La primera vez que supe era feminista ni siquiera sabía que había una palabra para definir la ira que sentí cuando una maestra de la escuela me llamó “machorra” porque preguntarle el motivo por lo que había cosas para “niñas” y para “niños”. Luego de una infructuosa tanda de preguntas, la mujer pareció impacientándose e insistiendo que una “niña de bien” no discute esas cosas. Las acepta.
— Entonces yo no soy una de esas niñas — recuerdo que le grité — yo quiero saber porque las cosas pasan así. Y no me gustan que pasen así.
A la maestra no le gustó nada ni el grito ni la actitud y terminé castigada por semanas sin recreo. Pero con todo, recuerdo con enorme claridad que me sentí especialmente bien — a pesar del castigo y las burlas de mis compañeras — por haber dejado claro lo que pensaba. Me gustó la sensación de poder que me hizo sentir. Y pensé que era algo muy bueno decir las cosas en voz alta.
Así que después, cuando un desconocido me llamó puta por mi afición a las faldas cortas o cuando alguien me dijo que no podía aspirar a determinado puesto en el consejo estudiantil porque era una muchacha, supe qué debía hacer. Supe qué responder y como enfrentarme. Supe que podía no sólo defenderme, sino que, además, debía hacerlo. Y que eso era una forma de manifestar mis ideas. Una manera de construir mi forma de ver el mundo.

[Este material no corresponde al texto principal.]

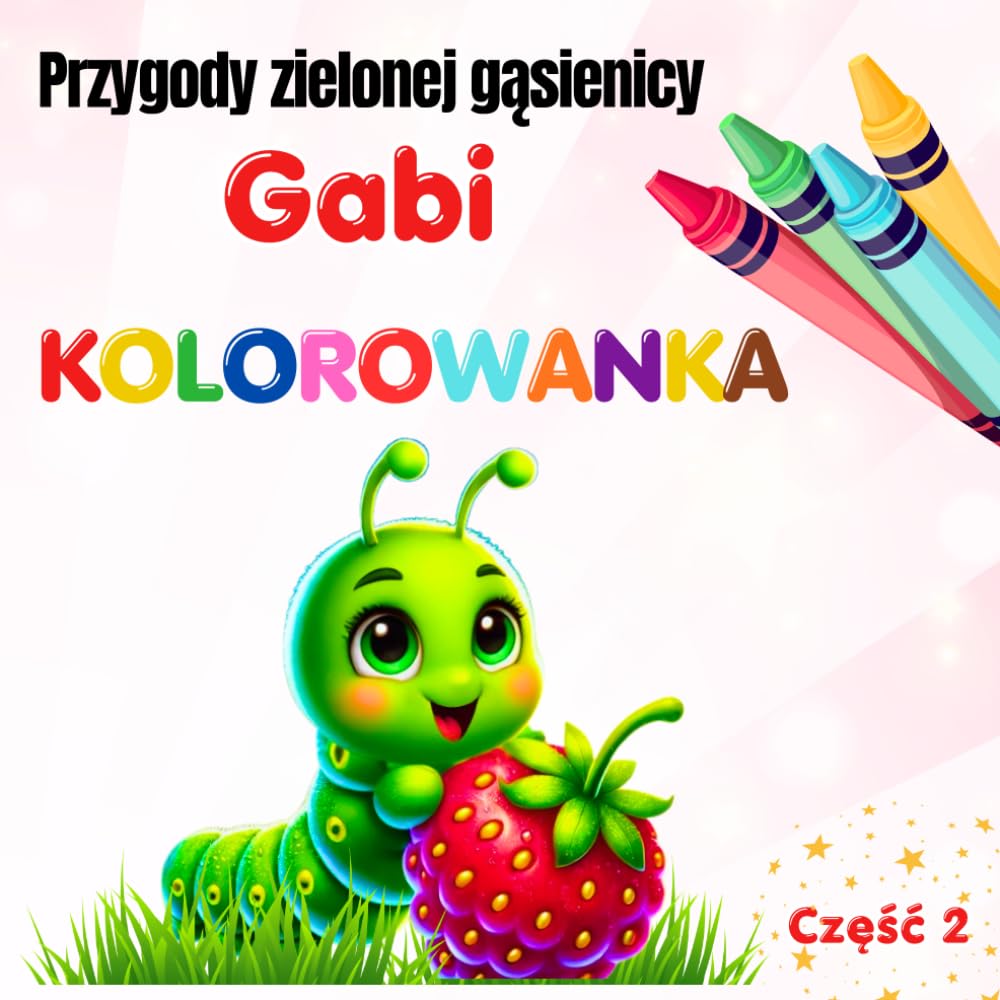 Przygody zielonej gąsienicy Gabi: Kolorowanka.:: Tajemnice leśnych ścieżek. Część 2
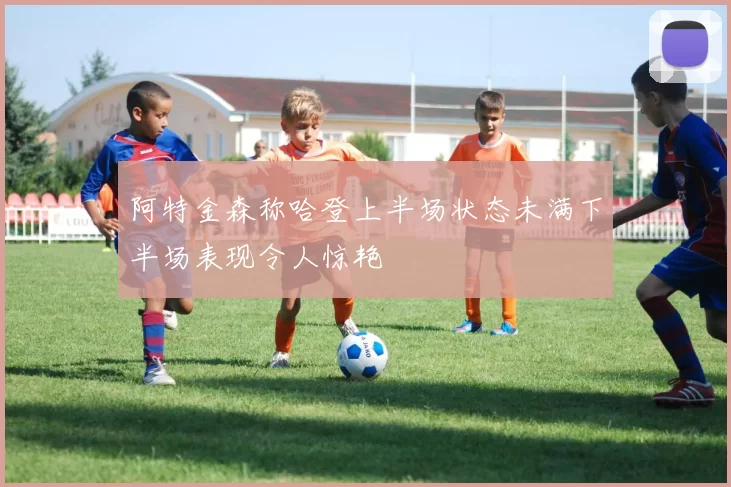 阿特金森称哈登上半场状态未满下半场表现令人惊艳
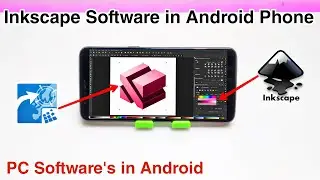 Inkscape Software in Android Smartphone Using Exagear Windows Emulator | PC Software's in Android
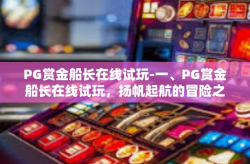 PG赏金船长在线试玩-一、PG赏金船长在线试玩，扬帆起航的冒险之旅-PG赏金船长在线试玩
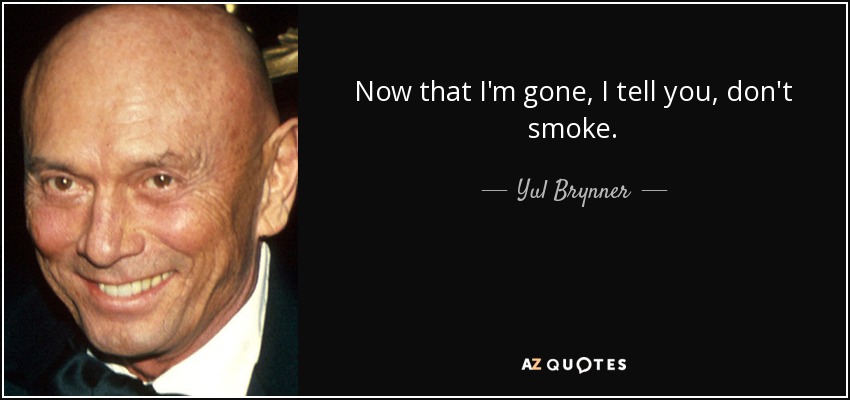 Quote now that i m gone i tell you don t smoke yul brynner 96 59 41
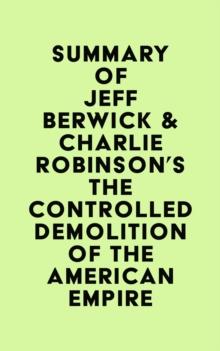 Summary of Jeff Berwick & Charlie Robinson's The Controlled Demolition of the American Empire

La adulta que soy, sonríe al escribir esto. Ha transcurrido una buena cantidad de tiempo desde esa experiencia, pero en esencia, miro las cosas de la misma forma: soy feminista porque creo que la igualdad es una forma de poder, reconocimiento, respeto, belleza y en especial, de encontrar un lugar en el gran e ilimitado mapa del mundo.
Soy feminista porque el tiempo transcurre para demostrar que el mundo debe cambiar para abrir espacio a toda una nueva generación de mujeres que busca un nombre, una motivación y un principio. Y soy feminista, por supuesto, porque nadar contra la corriente – en medio de la marejada de un mundo creado para hombre por hombres – es una decisión que cambia tu vida para siempre.
¿Suena dramático? Suelto una carcajada. Quizás lo es, pero que cierto es también.